Are the frames of these pretty solid, the one on display seemed wobbly but the stores help may not have assembled it correctly or just not tightened everything right?

If this ends up being what I choose to try I will be reading up on all the modification current SMF members have made and doing most of them prior to using it. Thanks in advance for everyone's input and sorry for the 150 questions !!!


----------



## ba_loko (Aug 26, 2007)

Mo, for the money, I find it to be a very nice smoker.  It serves me well when I cook hamburgers or steaks, etc., and it also has allowed me to smoke many things over the few years that I've had her.  The metal isn't heavy gauge, which tends to need more baby sitting as the temps can vary.  Mine had a cast iron grate that had a small flaw in it while on display at Lowe's.  They offered it to me for $100 (with sfb) and also threw in a (worthless) cover.  All in all, I'd buy another one.


----------



## bilvo47 (Aug 26, 2007)

My only gripe so far is that the wheels are cheap.  I've had mine for about 2 months now and the wheels split in two this weekend.  Other than that - it's a great smoker.  Lots of good grub comin off it.  The wheels will be easy enough to replace with something heavier.


----------



## johnd49455 (Aug 26, 2007)

I like mine but that is all I have ever used. I usually start with charcoal but add splits for smoke. If using fruit woods only it can be used as a stick burner but when I tried strait Hickory it was way to strong.
	

	
	
		
		



		
			






All in all it does use a lot of fuel but that isn't a bad thing. I am still looking for a basket for the charcoal as the ash builds up fast & I loose air flow & with that temp drops. I seem to do fine without the mod of dropping the chimney down to the grate. 
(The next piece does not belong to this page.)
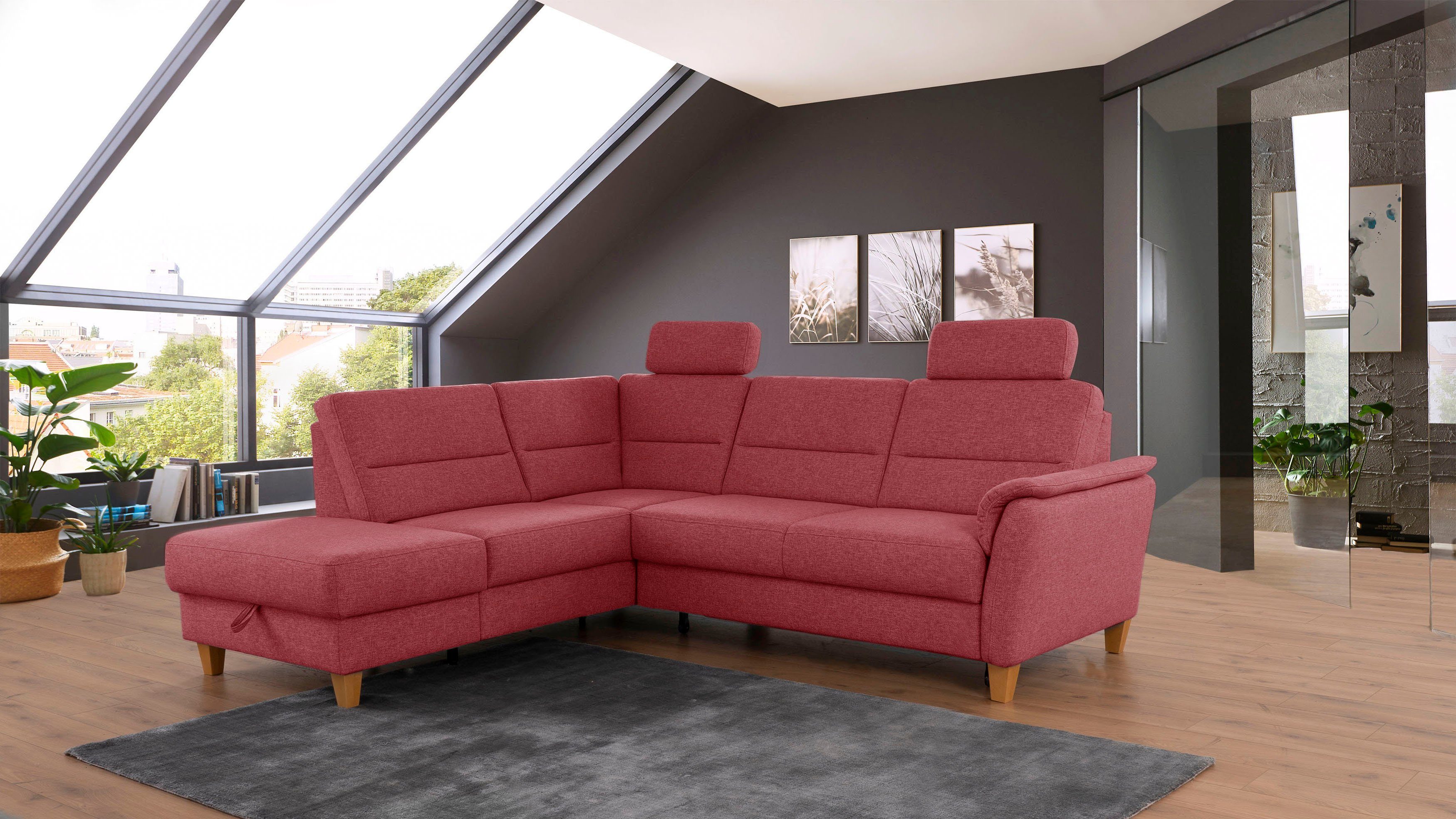 Home affaire Ecksofa Palmera L-Form, Federkern, günstig online kaufen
You do need to rotate the meat as it does seem to be a bit hot at the firebox side & if using the top grate it is alot hotter on the top grate.

All in all it is a great versatile smoker/grill, with a lot of room.

It does require a bit of attention to keep steady temps. as you learn the quirks it gets very easy to predict & learn when it needs tending before it needs it. It's predictable.

Again als in all a good value for the buck


----------



## meowey (Aug 26, 2007)

The more I use mine, the more I'm glad I bought it!

Take care, have fun, and do good!

Regards,

Meowey


----------



## ba_loko (Aug 26, 2007)

John, I don't share the same experience as you.  As a CG user for a long time, I find it a challenge to even reach 220 at grate level.  Most times I have to really lay the coal to the SFB to get it there, and I keep adding.  I suppose I may be doing something wrong.  Can you describe your technique?


----------



## johnd49455 (Aug 26, 2007)

At grate I stat neat 200. 

I start a chimney of regular old Charcoal briquettes. When glowing red I dump them & add som Cowboy brand lump charcoal. When that gets the cooking chamber to about 175 I add 2 small pieces of split wood (Cherry from an orchard is my favorite) Every hour I add another 3 handfuls of lump charcoal & another split of wood. I can maintain 200 on the lid thermo & have a turkey fryer thermo thru one of the stock rotisserie holes with the pot clip inside the cooking chamber to hold the tip of the fryer thermometer about a 1/8 under the cooking grate & that stays around 200 degrees.

When I first put the meat on the bottom thermometer is about 25 degrees lower that the stock one but as the cook goes on they switch to the other way 25 degrees hotter on the lid. I have tried an oven thermoter setting on the to warmer rack & that runs about 275 to 300 degrees when I open to mop the meat.

I do have an issue with the ash drawer building up enough ash that I start to loose air flow after 5 or 6 hours. I haven't quite figured out what to do to cure that yet & have tried to turn the charcoal rack over but only have tried that once & it did seem to help a little.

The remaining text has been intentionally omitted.